Sid M. answered 09/24/21
Senior Software Engineer, with BS, and almost MS, in Computer Science
Let's review and expand, first on the task. We have a (monochrome, i.e. black-and-white) bit-mapped image, which occupies 150K bytes, stored as 150K (bytes)/4 (byte-per-word) = 37.50K words. Each word needs to be read, 1s complemented, and written back. So, we must execute the following instructions, 37500 times:
loop: ldw $1,0($2)
not $1,$1
stw $1,0($2)
adi $2,$2,1
blt $2,$3,loop
(I'm assuming a MIPS-like ISA, $1 is our temporary, $2 is the address of a word in the image, $3 is the address of the first word past the end of the image, and the code to set everything up is unimportant.)
Now, for the performance expectations, assume that each load and each store can be completed without requiring additional cycles. This means that (a) the estimate is best-case and is, therefore (b) unrealistic. Each instruction requires 5 stages, and each stage requires 1 cycle. At 3.5GHz, then, we can complement 1 word every 5 cycles/3.5GHz = 1.43ns.

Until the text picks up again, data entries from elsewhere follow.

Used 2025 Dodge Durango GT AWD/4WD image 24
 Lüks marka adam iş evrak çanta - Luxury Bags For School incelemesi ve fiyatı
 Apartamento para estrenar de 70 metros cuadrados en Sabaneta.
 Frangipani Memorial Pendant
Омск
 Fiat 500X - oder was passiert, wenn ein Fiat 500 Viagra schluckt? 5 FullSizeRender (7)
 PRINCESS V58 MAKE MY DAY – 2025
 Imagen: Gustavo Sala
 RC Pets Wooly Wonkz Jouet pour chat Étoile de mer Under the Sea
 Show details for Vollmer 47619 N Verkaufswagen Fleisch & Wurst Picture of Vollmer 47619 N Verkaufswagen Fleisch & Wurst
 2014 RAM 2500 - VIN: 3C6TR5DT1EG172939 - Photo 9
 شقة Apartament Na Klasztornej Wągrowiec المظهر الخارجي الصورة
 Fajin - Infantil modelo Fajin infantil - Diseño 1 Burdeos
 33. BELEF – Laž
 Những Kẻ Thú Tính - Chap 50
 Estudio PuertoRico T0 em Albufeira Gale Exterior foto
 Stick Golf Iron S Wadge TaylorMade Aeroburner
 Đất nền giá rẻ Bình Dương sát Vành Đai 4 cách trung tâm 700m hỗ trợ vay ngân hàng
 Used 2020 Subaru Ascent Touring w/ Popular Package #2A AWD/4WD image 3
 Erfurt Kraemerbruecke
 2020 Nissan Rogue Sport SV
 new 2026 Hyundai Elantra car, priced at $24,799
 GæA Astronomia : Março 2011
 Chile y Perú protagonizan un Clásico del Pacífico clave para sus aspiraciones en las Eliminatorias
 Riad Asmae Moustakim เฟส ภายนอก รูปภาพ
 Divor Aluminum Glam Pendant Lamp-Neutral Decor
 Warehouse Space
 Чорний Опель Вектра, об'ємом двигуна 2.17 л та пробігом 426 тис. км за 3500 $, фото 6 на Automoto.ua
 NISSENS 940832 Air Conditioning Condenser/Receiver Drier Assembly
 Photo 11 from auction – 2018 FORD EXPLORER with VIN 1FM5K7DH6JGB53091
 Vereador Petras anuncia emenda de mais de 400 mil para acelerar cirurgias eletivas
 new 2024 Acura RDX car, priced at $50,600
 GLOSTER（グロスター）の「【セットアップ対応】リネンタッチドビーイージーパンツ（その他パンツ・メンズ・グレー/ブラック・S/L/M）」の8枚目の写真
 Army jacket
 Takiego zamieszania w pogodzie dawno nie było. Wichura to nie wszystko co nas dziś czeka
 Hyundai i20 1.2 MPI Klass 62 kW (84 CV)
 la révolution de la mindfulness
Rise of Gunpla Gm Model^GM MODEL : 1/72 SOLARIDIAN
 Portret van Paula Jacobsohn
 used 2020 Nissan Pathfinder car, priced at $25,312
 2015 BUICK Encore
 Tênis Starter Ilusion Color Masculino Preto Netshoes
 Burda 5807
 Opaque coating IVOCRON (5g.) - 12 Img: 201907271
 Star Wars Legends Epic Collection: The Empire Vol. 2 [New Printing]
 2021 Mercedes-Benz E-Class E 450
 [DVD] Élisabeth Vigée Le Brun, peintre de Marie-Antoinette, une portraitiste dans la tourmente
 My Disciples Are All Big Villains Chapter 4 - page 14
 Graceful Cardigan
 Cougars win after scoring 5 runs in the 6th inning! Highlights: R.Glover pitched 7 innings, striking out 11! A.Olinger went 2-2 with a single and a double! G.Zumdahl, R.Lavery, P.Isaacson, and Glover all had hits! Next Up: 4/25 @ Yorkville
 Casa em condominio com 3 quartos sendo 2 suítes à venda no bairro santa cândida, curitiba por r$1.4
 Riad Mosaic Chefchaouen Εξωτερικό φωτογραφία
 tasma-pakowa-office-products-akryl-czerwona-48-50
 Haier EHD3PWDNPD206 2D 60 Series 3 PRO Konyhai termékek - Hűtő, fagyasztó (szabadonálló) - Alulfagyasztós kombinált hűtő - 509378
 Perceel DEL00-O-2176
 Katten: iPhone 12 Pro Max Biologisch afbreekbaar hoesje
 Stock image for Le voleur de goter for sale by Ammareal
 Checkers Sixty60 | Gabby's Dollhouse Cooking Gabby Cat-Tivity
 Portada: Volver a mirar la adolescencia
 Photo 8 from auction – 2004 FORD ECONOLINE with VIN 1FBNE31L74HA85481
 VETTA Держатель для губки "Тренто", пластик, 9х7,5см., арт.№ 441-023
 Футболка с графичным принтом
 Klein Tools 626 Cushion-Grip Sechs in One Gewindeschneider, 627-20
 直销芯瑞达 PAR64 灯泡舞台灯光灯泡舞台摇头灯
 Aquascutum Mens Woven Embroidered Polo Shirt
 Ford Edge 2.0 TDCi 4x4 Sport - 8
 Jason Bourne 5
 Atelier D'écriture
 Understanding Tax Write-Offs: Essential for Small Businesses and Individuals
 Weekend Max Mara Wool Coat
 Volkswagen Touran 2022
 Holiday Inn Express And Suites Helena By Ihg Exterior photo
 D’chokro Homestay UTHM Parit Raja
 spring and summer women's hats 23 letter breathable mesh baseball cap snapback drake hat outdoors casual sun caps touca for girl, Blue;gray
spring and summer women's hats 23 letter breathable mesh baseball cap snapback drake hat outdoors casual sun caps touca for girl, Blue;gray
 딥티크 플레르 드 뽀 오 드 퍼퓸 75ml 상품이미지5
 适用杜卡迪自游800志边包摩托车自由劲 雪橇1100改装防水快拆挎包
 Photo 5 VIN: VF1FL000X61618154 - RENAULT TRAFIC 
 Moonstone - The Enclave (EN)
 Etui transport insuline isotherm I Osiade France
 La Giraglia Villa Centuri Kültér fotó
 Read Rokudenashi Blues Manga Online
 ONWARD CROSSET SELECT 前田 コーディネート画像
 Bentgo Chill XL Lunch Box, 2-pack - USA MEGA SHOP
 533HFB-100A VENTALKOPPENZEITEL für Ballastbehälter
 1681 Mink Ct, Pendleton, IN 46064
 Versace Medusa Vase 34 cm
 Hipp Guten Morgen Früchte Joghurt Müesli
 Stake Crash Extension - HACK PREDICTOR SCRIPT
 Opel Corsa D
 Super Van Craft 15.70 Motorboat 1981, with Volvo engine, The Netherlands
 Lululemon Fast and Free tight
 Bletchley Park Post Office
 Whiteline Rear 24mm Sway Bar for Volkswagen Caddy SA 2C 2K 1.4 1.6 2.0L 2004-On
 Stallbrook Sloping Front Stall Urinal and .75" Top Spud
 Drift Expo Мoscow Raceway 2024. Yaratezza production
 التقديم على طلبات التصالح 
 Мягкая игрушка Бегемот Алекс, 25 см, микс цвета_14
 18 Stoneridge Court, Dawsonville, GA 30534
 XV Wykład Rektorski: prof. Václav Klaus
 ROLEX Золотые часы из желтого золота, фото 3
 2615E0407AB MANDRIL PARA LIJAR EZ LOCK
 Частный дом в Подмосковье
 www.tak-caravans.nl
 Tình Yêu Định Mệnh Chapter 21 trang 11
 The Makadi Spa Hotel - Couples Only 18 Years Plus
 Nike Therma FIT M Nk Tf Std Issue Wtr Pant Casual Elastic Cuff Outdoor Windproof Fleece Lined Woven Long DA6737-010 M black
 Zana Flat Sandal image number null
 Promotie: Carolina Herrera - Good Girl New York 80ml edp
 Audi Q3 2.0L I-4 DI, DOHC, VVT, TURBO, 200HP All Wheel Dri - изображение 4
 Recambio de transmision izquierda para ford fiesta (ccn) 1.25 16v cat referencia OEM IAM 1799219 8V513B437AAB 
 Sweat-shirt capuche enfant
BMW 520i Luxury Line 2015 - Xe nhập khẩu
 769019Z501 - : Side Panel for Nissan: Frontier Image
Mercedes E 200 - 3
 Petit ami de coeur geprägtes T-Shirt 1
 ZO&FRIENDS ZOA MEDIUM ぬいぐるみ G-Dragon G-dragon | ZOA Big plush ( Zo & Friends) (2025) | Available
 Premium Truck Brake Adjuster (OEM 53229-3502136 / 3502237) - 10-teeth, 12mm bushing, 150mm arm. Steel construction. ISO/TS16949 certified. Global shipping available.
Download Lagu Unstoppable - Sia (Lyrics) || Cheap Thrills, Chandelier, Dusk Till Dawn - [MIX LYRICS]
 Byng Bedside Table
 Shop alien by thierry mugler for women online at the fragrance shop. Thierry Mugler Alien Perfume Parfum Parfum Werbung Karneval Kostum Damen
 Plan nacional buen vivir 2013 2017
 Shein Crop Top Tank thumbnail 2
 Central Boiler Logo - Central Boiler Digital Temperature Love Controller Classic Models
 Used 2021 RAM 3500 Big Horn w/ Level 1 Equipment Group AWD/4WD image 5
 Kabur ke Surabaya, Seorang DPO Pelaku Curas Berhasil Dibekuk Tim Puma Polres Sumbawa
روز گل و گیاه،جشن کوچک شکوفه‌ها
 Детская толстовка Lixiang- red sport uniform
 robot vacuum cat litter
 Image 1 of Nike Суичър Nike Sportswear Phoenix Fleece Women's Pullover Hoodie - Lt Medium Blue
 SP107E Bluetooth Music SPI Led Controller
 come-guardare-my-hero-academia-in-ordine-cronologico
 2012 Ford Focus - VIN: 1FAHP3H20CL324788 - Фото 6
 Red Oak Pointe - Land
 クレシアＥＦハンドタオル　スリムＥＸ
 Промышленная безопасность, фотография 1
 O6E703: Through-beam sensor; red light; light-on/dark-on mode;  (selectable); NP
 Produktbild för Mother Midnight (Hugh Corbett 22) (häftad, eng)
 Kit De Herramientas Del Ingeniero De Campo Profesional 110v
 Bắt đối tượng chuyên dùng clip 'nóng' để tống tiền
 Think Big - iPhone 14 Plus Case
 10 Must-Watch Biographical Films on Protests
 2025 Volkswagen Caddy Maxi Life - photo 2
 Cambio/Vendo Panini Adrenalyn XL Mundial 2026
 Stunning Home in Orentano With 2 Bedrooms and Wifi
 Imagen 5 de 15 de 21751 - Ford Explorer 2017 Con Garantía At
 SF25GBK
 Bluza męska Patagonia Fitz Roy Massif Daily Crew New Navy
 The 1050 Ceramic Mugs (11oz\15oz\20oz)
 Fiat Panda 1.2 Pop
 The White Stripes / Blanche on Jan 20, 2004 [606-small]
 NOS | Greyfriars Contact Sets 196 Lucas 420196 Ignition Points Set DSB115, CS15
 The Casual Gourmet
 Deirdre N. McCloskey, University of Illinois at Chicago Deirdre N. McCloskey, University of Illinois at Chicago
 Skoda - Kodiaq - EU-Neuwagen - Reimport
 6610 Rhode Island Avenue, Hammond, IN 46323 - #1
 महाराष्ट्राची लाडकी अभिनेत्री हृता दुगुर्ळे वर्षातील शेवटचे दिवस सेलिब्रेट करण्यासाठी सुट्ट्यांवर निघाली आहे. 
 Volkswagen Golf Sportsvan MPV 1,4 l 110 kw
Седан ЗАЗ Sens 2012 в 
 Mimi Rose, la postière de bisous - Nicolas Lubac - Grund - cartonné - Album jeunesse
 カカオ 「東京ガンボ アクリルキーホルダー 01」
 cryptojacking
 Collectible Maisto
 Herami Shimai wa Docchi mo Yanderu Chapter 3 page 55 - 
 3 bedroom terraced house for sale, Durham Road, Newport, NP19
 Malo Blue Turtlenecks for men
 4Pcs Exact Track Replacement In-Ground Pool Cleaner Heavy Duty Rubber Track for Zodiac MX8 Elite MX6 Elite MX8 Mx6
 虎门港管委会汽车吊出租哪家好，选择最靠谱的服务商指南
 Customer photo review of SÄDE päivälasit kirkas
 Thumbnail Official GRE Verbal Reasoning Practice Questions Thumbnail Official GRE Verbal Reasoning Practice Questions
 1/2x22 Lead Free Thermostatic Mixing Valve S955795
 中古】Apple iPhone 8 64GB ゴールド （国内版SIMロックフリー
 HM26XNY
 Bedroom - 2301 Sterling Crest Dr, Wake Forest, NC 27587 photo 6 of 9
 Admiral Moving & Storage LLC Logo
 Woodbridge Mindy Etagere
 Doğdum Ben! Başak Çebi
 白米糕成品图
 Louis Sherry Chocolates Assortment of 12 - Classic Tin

On a single-core processor, we can complete inverting the image in 37.5e3 * 1.43ns, or 5.36e-5s, or 53.6us.
On a dual-core processor, assuming that each core operates on 1/2 of the image, and there are no conflicts between the 2 executing cores (thereby allowing them to work in parallel), then the image can be inverted in 1/2 the time, or 26.8us.